Environments Namespace
Published 15 January 2025
Environments are a set of associated properties used to connect to a database.
The concept of an environment has been created to allow Flyway to work easily with several different databases or configurations from a single configuration file.
Environment settings
| Setting | Required | Type | Description | 
|---|---|---|---|
| url | Yes | String | Database JDBC URL. | 
| user | No | String | Database user name. | 
| password | No | String | Database password (usually specified using a resolver). | 
| schemas | No | String array | The schemas to track. | 
| displayName | No | String | The name of the database, as it appears in Flyway Desktop UI. | 
| driver | No | String | The jdbc driver to use to connect to the database. | 
| connectRetries | No | Integer | The maximum number of retries when attempting to connect to the database. | 
| connectRetriesInterval | No | Integer | The maximum time between retries when attempting to connect to the database. | 
| initSql | No | String | SQL statements to be run immediately after a database connection has been established. | 
| provisioner | Determines the type of provisioning to use for this database. | 
Environment namespaces
| Namespace | Description | 
|---|---|
| flyway | Flyway namespace properties to override for the environment. | 
| jdbcProperties | JDBC properties to pass to the JDBC driver when establishing a connection. | 
| resolvers | Additional properties relating to resolvers being used in calculating necessary connection properties. | 
TOML Configuration
These parameters should be configured in an environments namespace.
[environments.example]
url = "jdbc:sqlite:local_database1.db"
username = "bob"
...
[environments.another_example]
url = "jdbc:sqlite:local_database2.db"
username = "jeff"
...
[environments.another_example]
locations = ["defaultLocation","customLocation"]
Resolvers
Usually you won't want to keep sensitive information in a plain text configuration file and so resolvers can be used to pull information into your configuration from a variety of external sources like environment variables and secrets managers.
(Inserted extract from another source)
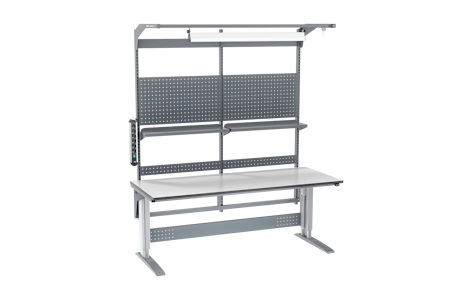 Motoriserat arbetsbord 000x800x24 mm Laminat, 400-20080-18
Command line configuration
It is possible to define an environment on the commandline, for example:
./flyway info -environments.example.url=jdbc:sqlite:local_database.db -environment=example
Note: You define an environment using the
environments (plural) namespace but you specify which environment to use with the
environment (singular) parameter. It's a bit of a trip hazard but it has some logical purpose to it.
Legacy configuration
Properties that were originally part of the regular flyway configuration (-url, -user,
-password) can still be used for backwards compatibility. Under the hood, Flyway will map these onto an environment named
default for you and then use them like any other environment.